In August, Theatre Under The Stars
welcomed the Tony-nominated director and choreographer as its new artistic director.
You came to TUTS last year as a guest director of How to Succeed in Business Without Really Trying. Did you have any idea then that you’d be back so soon as the artistic director?
I was asked by Sheldon Epps, the artistic advisor before I got here, to direct How to Succeed
…, but I had no idea I was going to be back so soon. Sheldon had given me inklings he was not going to stay on for the next season. Someone from the board approached me about how great a place Houston is to live, should I ever want to move here. I mentioned then that I would definitely be interested. Lo and behold I went through the process and here I am!
What was it about TUTS that made you want to uproot your life on Broadway and take this job in Houston, Texas?
I had been doing a lot of work in New York but as of late, I’d been working a lot internationally and regionally. All of that travel is tiring and I was starting to look for a place to call home— not only find a personal home, but an artistic home as well. I haven’t had as much time to explore Houston yet as I’m looking forward to. At TUTS we are in the process of planning for our 50th season next year and deciding how to turn the theater into a cultural touchstone for the community. And that is exhausting! But I knew that moving to a place with a food-scene this good would be easy to call home.
What are you most excited to do at the organization, and what do you view as your biggest hurdles?
The world and the nation we are living in right now is so polarized and art is functioning in that way too.

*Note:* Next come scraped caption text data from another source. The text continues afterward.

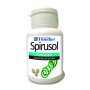 Spirusol 500Mg. 90 comprimés Ynsadiet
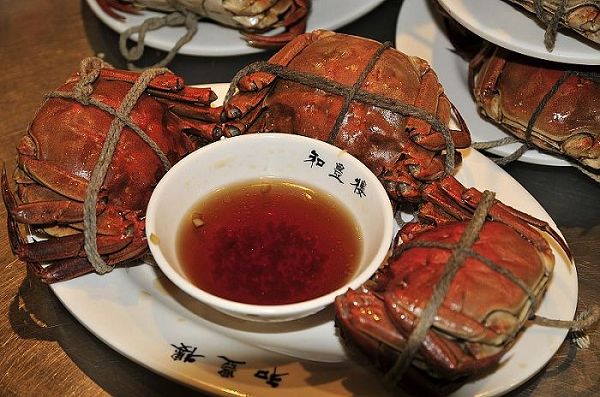 nEO_IMG_nEO_IMG_nEO_IMG_��Ƭ 165.jpg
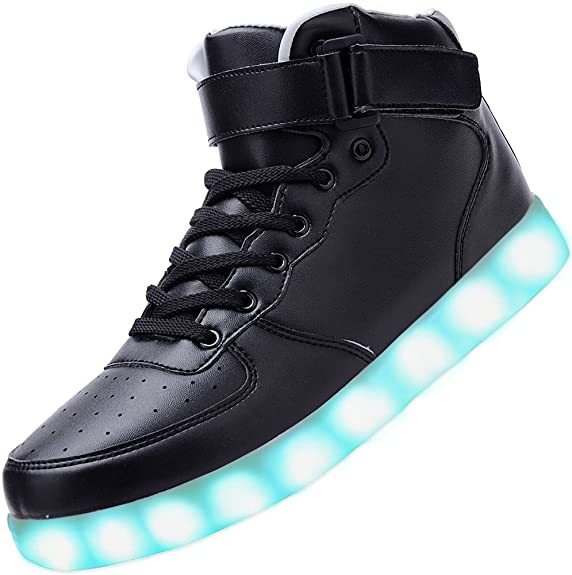 7 Best Shoes for Shuffling 2023- Review and Buying Guide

People want to see the same shows right now that have been in the musical theater canon for a long time. They are great shows, but some people in our community are dying for new work. That is where both our struggle and excitement are going to come from. Our mission is to be at the forefront of musical theater, and you can’t do that by performing the same shows over and over. Great musical theater entertains and is current—Hamilton
does this best. It’s modern, but harkens to old storytelling. New work could create something that adds to the musical canon, not just in Houston but also in the country.
You were slated to start your job right after Hurricane Harvey hit Houston. Can you talk about what it was like to move to a new city and start a new job in a time of crisis?
That was insane. It was it was incredible trying to figure out how we would do business in the wake of a natural disaster. Entertainment isn’t seen as necessary like food or water. I think it absolutely is—it feeds your soul and mind. It’s so hard to deal with disaster recovery every day without relief and I think that’s what we provide. I got to meet a lot of the arts leaders across the country through ongoing relief efforts. It’s always best to make friends in the trenches rather than in peacetime. It bonds you together in a way that otherwise it wouldn’t.
You’ve said you’d like to focus on producing more new works in Houston. What does that look like?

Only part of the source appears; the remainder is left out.